Creating a Financial Forecast
Creating financial forecasts aren’t magic, but for some people, they are incredibly difficult to know where to begin, let alone be able to present and defend those numbers. There are two parts to your expenses:
- CAPEX (Capital Expenses): These are generally one-time startup costs to get your idea from just an idea to a legitimate minimally viable product (MVP) or service. These could include office space and buildout, equipment purchases, logo development, web site and other sales and marketing startup costs.
- OPEX (Operating Expenses): These are your monthly overhead costs from the electricity bill, telephones, salaries, insurances, taxes, etc.
Revenue: During your feasibility study, the team will hopefully have talked with clients, potential clients and past clients to discuss their idea and have a fair idea of whether they would be interested and what they would be willing to pay. This part takes a bit of work, but presenting your financial forecast requires you to identify how you can make a significant profit off of your idea.
Some companies use a Cost-to-Company multiplier to assess whether or not to execute the idea. A company that is creating a 2xCTC is paying the bills and making payroll. It may have downturns or sales cycles which could significantly challenge the ability to pay the bills and make payroll. Ideally a 4xCTC is the minimum any company should strive for. It enables a company to weather the ups and downs of the market, evaluate and invest in new technology, and innovate and expand into new markets with new services and products.
When building out our Financial Forecasts, we created three options – a low end that sees minimal growth and starts at around 2xCTC, middle (4xCTC) and a high end (6+xCTC).
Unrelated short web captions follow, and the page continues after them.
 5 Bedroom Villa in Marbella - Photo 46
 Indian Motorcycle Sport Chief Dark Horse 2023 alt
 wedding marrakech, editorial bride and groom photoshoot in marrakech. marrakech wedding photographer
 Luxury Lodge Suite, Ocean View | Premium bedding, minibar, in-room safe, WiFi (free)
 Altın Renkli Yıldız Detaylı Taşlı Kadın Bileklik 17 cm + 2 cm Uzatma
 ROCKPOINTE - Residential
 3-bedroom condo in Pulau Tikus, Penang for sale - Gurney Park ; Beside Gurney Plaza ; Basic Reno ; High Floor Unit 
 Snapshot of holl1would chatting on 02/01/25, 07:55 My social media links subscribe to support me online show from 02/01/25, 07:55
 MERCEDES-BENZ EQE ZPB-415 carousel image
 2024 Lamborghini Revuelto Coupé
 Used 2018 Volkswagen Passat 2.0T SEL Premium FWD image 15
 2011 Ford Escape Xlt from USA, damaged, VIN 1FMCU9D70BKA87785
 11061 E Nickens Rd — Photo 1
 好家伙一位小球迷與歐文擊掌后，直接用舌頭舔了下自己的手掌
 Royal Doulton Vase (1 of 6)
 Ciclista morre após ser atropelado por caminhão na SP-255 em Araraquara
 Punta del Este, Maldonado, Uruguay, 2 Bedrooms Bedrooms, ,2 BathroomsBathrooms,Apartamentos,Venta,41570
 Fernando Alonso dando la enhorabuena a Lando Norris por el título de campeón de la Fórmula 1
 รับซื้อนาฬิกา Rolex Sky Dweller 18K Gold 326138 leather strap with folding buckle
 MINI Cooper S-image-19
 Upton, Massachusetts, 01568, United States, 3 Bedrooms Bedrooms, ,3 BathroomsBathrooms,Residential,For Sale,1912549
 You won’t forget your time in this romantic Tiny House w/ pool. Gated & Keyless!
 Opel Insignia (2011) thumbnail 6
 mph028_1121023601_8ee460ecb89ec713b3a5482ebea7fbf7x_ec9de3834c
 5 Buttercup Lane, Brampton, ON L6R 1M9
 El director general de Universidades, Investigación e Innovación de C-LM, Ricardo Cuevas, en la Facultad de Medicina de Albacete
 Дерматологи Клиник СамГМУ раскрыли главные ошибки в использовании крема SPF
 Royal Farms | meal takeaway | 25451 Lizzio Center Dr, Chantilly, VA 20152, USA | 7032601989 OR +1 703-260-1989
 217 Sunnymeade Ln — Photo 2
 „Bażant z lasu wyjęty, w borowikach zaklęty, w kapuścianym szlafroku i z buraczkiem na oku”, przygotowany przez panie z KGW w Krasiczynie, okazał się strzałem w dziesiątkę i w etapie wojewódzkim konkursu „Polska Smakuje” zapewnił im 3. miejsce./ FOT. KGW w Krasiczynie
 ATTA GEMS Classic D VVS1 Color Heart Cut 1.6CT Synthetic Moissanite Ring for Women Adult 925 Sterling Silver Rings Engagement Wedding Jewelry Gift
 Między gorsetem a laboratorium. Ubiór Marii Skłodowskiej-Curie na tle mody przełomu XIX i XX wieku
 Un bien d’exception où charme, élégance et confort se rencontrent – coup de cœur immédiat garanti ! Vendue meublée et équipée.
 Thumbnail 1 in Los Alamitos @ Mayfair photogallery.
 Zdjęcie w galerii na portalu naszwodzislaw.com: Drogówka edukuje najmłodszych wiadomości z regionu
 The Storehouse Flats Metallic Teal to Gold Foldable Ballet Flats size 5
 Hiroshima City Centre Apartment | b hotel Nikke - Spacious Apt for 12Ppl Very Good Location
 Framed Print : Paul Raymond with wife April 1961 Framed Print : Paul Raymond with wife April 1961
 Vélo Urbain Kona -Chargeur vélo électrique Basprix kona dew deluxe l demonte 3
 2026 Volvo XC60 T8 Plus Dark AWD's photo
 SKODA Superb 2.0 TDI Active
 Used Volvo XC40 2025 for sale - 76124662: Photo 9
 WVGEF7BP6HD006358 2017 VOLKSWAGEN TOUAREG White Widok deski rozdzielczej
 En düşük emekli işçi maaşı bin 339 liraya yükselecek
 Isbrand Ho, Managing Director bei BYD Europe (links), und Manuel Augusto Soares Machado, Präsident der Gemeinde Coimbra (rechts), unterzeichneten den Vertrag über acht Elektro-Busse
To get to those numbers, the person who is responsible for documenting the forecast will have to work with the rest of the team to create the value, cut the costs, and maximize revenue wherever it can to get there. The person presenting the execution plan needs to be very involved because the cost to launch the project may significantly hamper the first six months’ income, but create a much higher CTC in the following months. Watch your CAPEX as well. You may find solutions to significantly decrease those expenditures to ensure you start to show a profit by the end of year one.
The Execution Plan
Launching a new product or service can be as simple as adding a new page to your web site and contacting your current clients and giving them a one month trial of your service. It could also require the significant expense of external software developers, PR agencies, advertising networks, and a press launch.
But the launch is only the beginning. You need people who are trained to sell the product or service, execute it, put processes in place, create an escalation matrix for any significant issues that could occur, and everything else required from documenting orders to payment collections. When working with this person on the team, they will be creating a calendar with milestones that match the Financial Forecast (thereby also creating sales goals). The entire team needs to work together to understand if the idea is worth moving forward with.
So What of It All Goes Wrong?
As your team moves through these four parts of the idea development, there may come a moment when the team realizes that their idea doesn’t work. It will cost too much to develop, the pricing that people are willing to pay is too low to make a decent profit margin… there are many, many reasons why some business ideas just won’t work. But it’s still good to know. Having done the exercise rather than jumping in with both feet and all your money, you will have significantly decreased your loss potential and learned a lot from the experience. Even starting down the path with a small seed investment and a year to work on it, is still well worth the time and effort. Doing a post mortem on what didn’t work and sharing this knowledge with other teams will enable them to avoid the same issues should they arise.